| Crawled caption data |

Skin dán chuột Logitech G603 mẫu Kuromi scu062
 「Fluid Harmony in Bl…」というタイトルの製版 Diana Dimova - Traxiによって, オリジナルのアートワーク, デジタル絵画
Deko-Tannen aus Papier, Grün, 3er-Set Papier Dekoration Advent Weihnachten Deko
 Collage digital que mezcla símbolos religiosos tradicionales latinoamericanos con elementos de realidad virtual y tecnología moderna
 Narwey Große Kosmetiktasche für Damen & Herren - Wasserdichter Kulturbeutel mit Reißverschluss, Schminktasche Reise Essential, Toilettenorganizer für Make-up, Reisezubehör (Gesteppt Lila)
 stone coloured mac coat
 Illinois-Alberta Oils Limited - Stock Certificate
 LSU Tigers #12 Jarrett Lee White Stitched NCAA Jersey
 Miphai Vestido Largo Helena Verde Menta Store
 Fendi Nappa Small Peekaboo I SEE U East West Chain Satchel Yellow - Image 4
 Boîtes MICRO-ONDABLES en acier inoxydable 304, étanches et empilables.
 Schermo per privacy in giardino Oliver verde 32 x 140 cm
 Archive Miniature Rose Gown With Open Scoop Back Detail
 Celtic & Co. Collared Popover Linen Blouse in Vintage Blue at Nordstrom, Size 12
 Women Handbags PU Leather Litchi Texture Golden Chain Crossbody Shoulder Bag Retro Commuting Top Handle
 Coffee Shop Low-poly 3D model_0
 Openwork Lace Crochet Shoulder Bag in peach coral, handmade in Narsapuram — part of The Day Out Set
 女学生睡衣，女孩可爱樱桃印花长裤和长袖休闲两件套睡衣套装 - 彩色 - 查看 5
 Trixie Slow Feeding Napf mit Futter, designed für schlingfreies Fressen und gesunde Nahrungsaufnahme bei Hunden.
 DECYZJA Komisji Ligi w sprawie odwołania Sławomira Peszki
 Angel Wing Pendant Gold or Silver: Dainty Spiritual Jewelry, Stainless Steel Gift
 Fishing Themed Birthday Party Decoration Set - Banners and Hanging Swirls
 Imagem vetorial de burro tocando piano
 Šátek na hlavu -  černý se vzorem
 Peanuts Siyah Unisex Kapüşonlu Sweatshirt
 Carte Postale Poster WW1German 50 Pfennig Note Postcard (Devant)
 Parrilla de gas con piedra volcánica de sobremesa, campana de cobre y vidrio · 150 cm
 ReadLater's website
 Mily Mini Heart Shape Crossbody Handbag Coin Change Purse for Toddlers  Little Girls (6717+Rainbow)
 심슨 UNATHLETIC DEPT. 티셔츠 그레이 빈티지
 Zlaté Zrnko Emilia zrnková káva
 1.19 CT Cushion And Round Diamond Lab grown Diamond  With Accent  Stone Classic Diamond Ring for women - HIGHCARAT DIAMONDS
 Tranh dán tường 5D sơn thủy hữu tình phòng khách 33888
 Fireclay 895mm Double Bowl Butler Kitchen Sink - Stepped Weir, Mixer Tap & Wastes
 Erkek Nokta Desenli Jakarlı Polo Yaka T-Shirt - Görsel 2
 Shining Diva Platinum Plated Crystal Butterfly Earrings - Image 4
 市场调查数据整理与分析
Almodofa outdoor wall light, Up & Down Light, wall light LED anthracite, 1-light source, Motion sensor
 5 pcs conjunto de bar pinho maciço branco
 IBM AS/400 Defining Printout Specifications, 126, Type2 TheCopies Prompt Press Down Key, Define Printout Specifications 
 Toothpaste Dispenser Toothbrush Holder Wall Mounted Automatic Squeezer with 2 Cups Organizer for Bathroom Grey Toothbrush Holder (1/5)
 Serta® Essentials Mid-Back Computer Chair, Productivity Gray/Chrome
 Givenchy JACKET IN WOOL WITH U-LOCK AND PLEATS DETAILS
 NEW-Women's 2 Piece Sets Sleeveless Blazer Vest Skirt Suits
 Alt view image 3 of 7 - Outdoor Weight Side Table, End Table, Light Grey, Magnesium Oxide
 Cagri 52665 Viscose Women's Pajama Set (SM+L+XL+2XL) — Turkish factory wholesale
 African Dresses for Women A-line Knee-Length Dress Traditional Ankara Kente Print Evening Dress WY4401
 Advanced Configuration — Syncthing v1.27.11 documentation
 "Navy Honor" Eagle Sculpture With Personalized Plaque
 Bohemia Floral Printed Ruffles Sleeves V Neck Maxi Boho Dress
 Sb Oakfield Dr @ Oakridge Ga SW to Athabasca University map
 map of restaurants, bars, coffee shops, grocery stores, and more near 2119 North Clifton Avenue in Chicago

| Activity |
Looking at the records above, work out how many lines include the word "Down", then give that number by itself.

| Answer space |
2